#### Materials provided ####

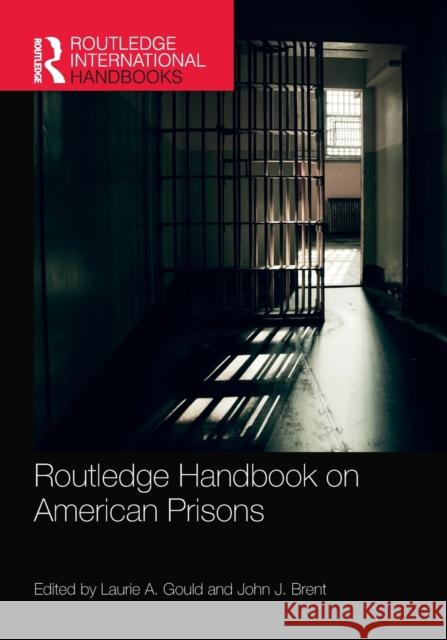 Routledge Handbook on American Prisons Laurie A. Gould John J. Brent 9780367552671 Routledge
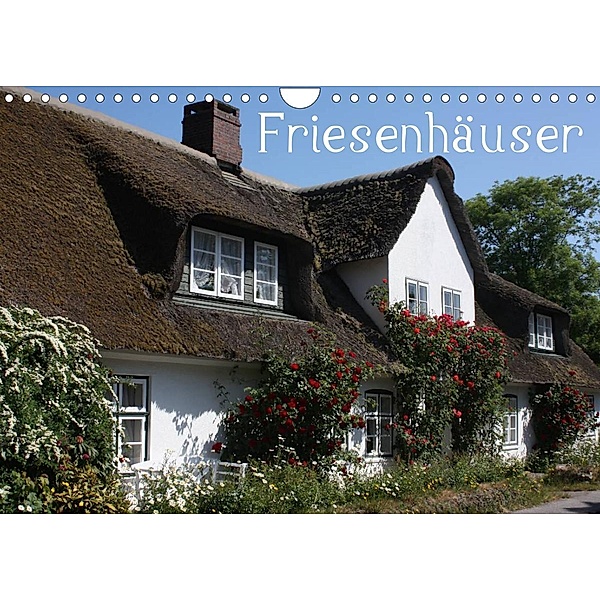 Friesenhäuser (Wandkalender 2023 DIN A4 quer), Antje Lindert-Rottke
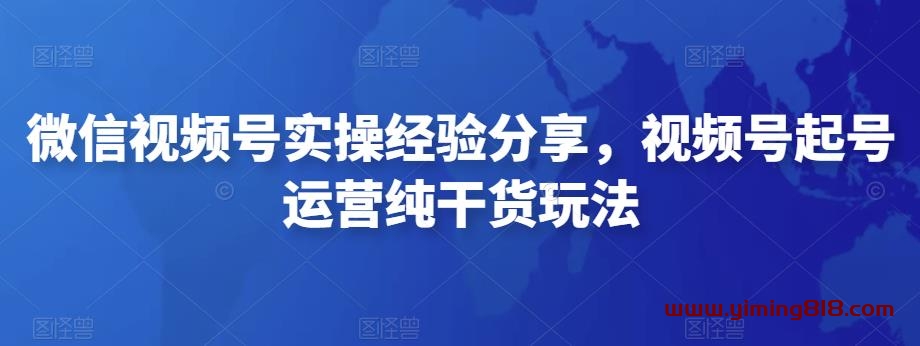 图片[1]-微信视频号实操经验分享，视频号起号运营纯干货玩法-一鸣资源网
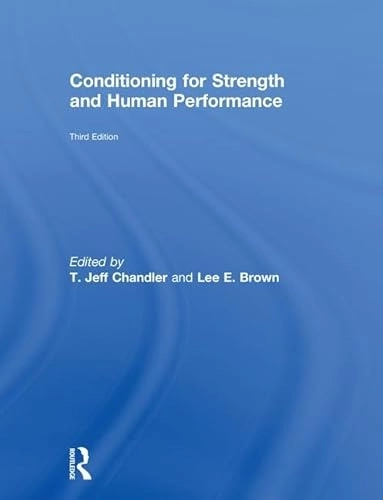 Conditioning for strength and human performance; T. Jeff Chandler, Lee E. Brown; 2018
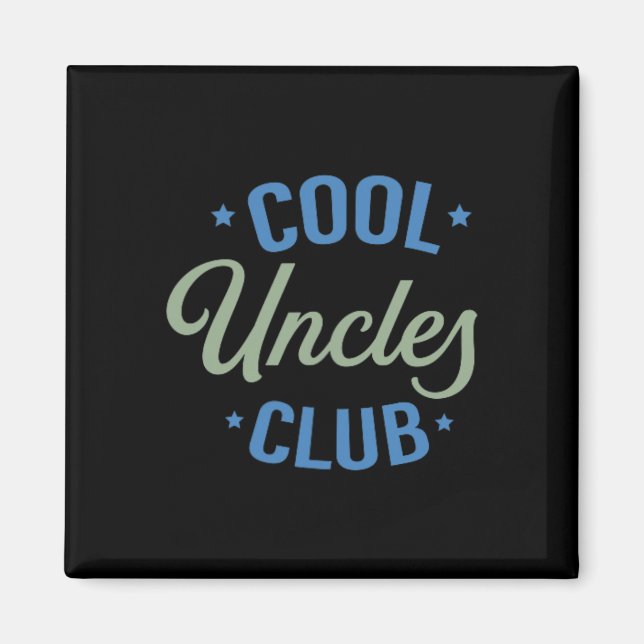 Coola Uncles Klubb Best farbror nånsin Funny Pocke Magnet (Framsidan)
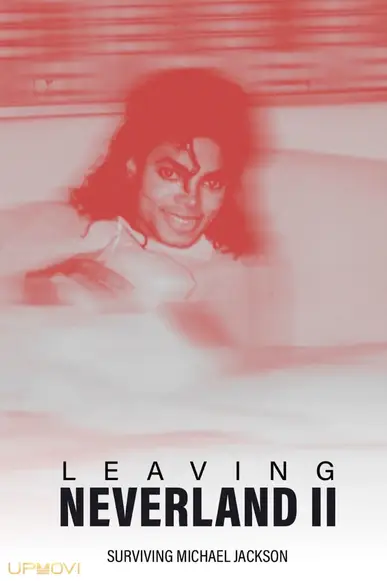 Leaving Neverland 2: Surviving Michael Jackson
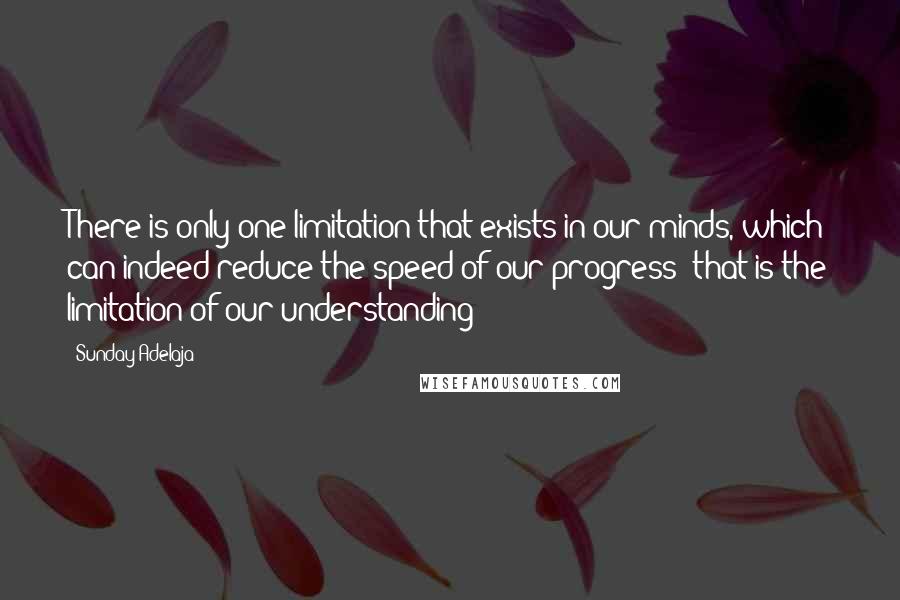 Sunday Adelaja Quotes: There is only one limitation that exists in our minds, which can indeed reduce the speed of our progress; that is the limitation of our understanding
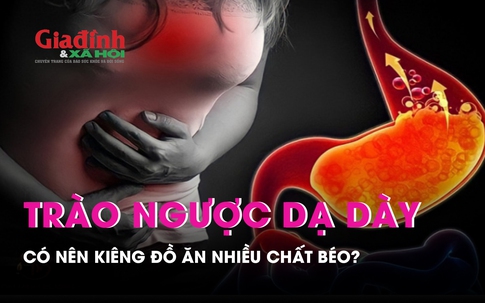 Trào ngược dạ dày - thực quản: Có nên kiêng đồ ăn nhiều chất béo?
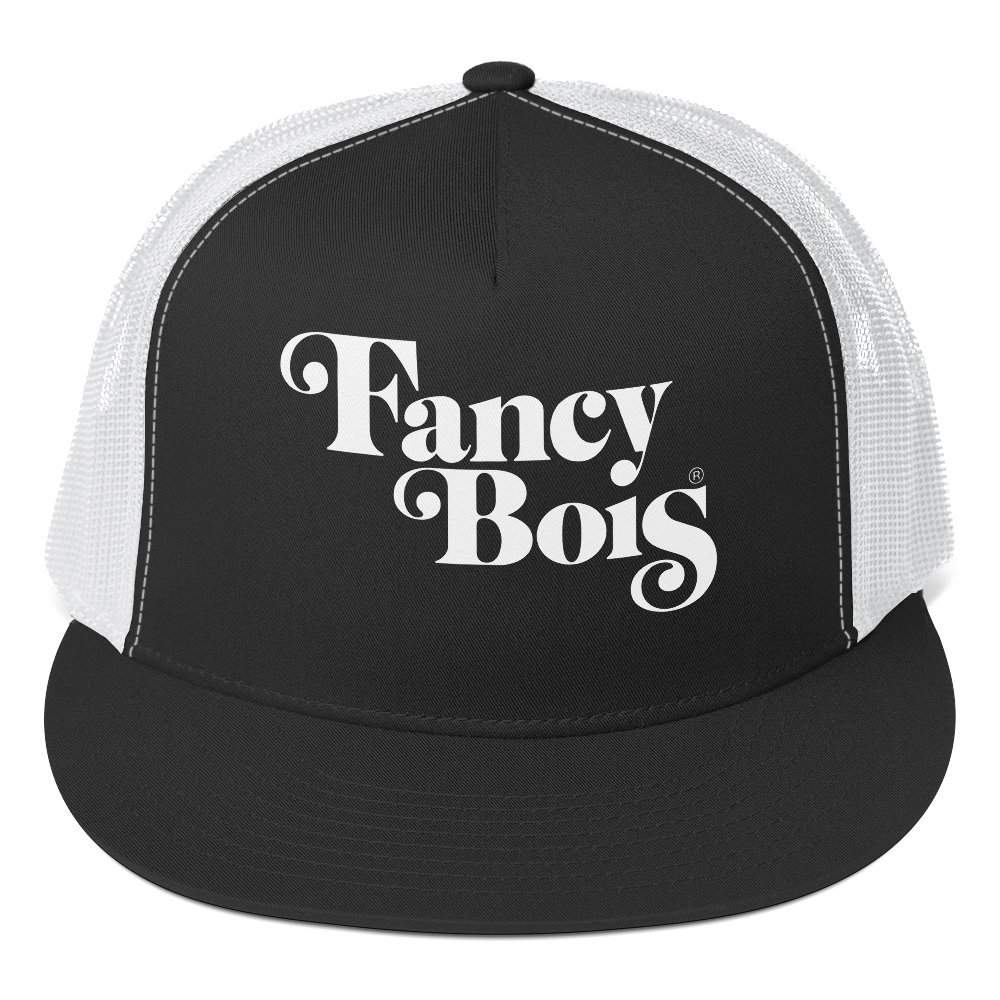 Fancy Bois Trucker Hat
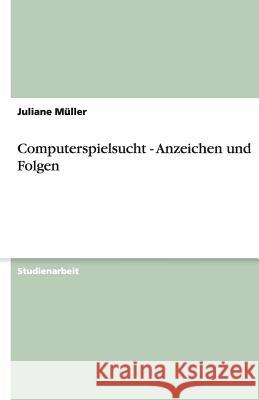 Computerspielsucht - Anzeichen und Folgen Juliane M 9783640511884 Grin Verlag - książka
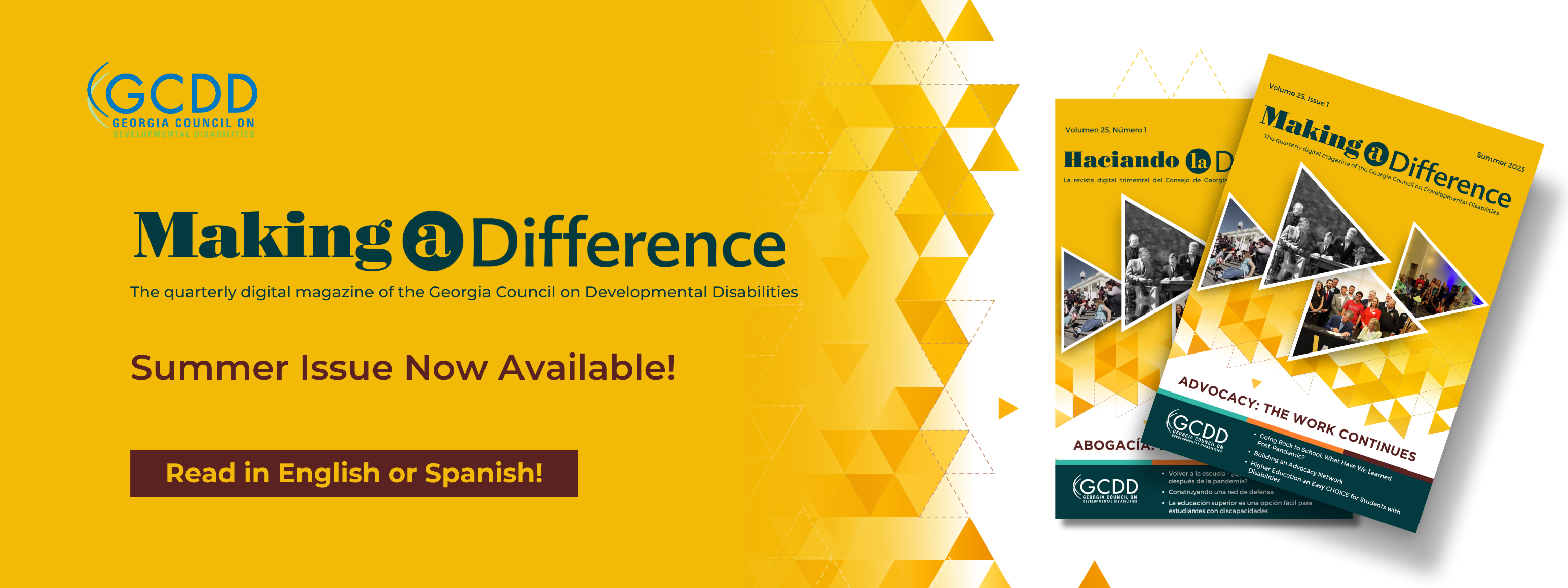 Read the Summer Issue of Making a Difference in English or Spanish!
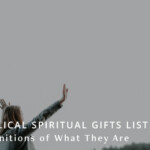 Biblical Spiritual Gifts List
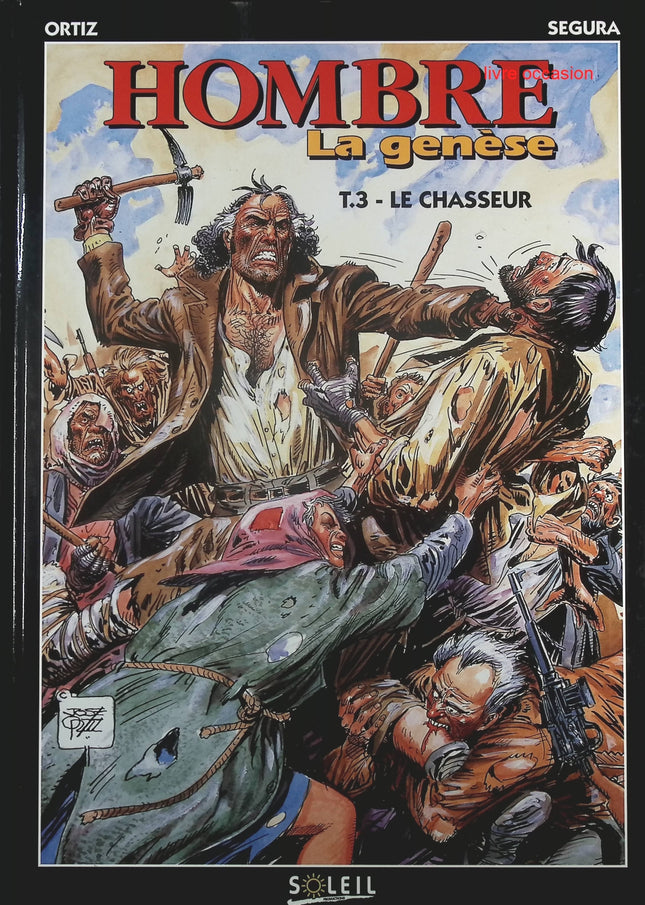 Le Chasseur - Tome 3 - Hombre la genèse - José Ortiz Antonio Segura - Livre BD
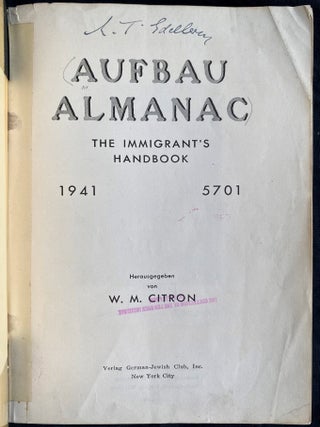 Item 281683. AUFBAU ALMANAC: THE IMMIGRANT&rsquo;S HANDBOOK. 1941/5701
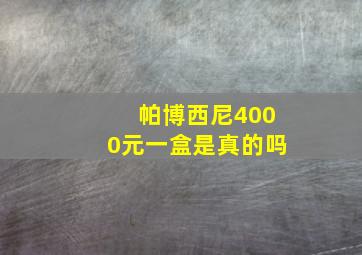 帕博西尼4000元一盒是真的吗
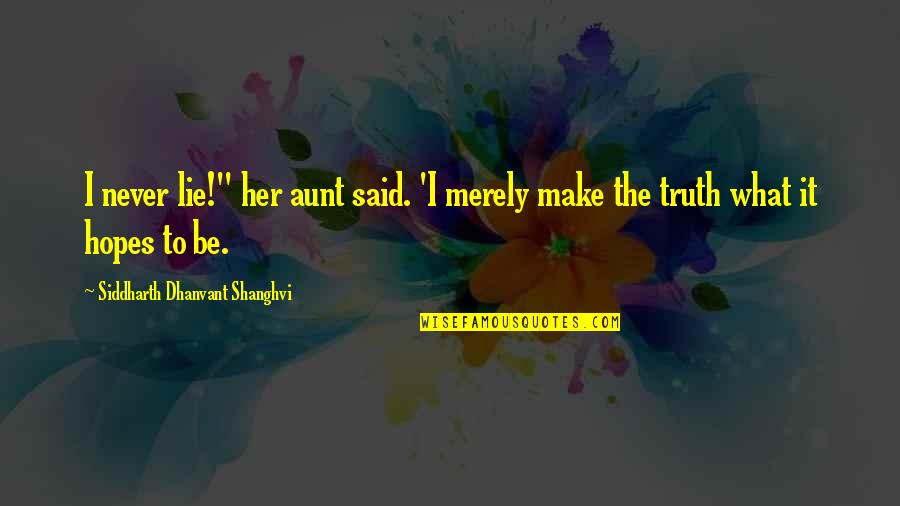 Childhood Fun Quotes By Siddharth Dhanvant Shanghvi: I never lie!" her aunt said. 'I merely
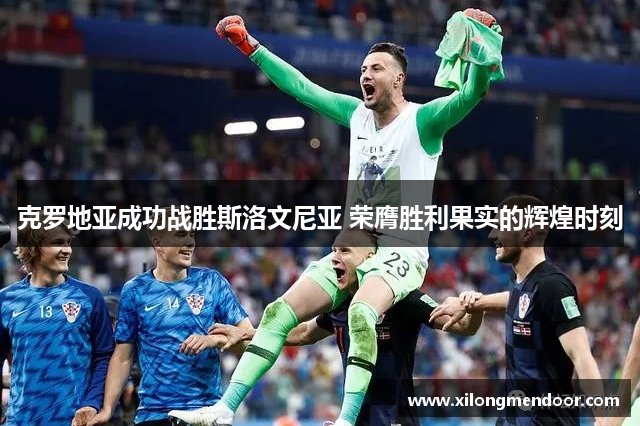 克罗地亚成功战胜斯洛文尼亚 荣膺胜利果实的辉煌时刻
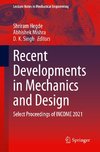 Recent Developments in Mechanics and Design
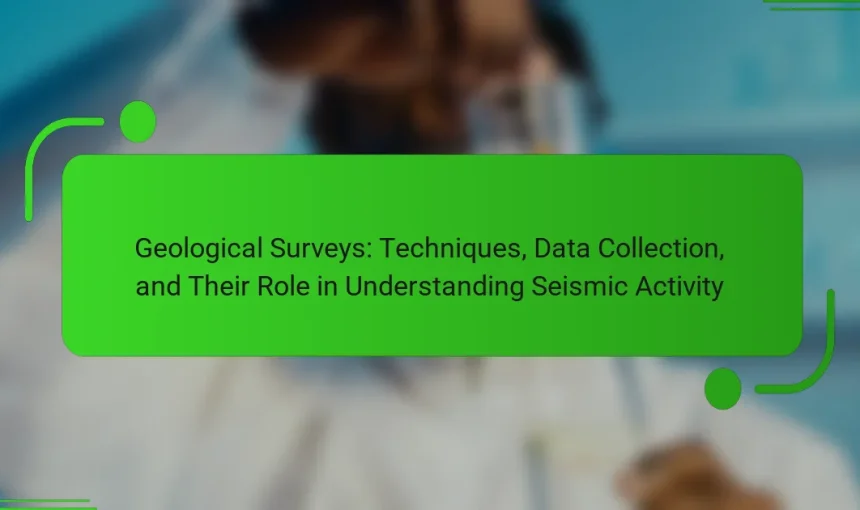 Geological Surveys: Techniques, Data Collection, and Their Role in Understanding Seismic Activity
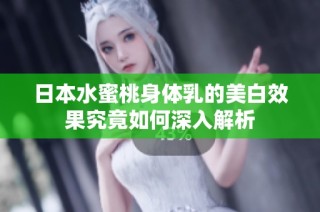 日本水蜜桃身体乳的美白效果究竟如何深入解析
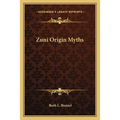 Zuni Origin Myths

####

◆ Instructions to follow:
Transcribe exactly, please, the lines between the start of the records above and the line holding "Conditioning for strength", counting both of those lines and omitting pictures.

◆ Response to the exercise:
 Routledge Handbook on American Prisons Laurie A. Gould John J. Brent 9780367552671 Routledge
 Friesenhäuser (Wandkalender 2023 DIN A4 quer), Antje Lindert-Rottke
 图片[1]-微信视频号实操经验分享，视频号起号运营纯干货玩法-一鸣资源网
 Conditioning for strength and human performance; T. Jeff Chandler, Lee E. Brown; 2018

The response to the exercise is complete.